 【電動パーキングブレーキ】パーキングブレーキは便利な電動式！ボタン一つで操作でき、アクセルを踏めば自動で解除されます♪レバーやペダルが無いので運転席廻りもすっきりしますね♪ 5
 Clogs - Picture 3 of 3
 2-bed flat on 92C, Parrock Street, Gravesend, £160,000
* * *
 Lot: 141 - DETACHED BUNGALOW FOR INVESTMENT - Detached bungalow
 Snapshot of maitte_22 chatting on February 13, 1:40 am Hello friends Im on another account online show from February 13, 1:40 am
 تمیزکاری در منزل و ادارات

## Exercise directions
Take from the material above the lines running from the one with "Clogs - Picture 3 of 3" through the one with "2-bed flat on", and repeat them exactly, with nothing else.

## Result for this exercise
 Clogs - Picture 3 of 3
 2-bed flat on 92C, Parrock Street, Gravesend, £160,000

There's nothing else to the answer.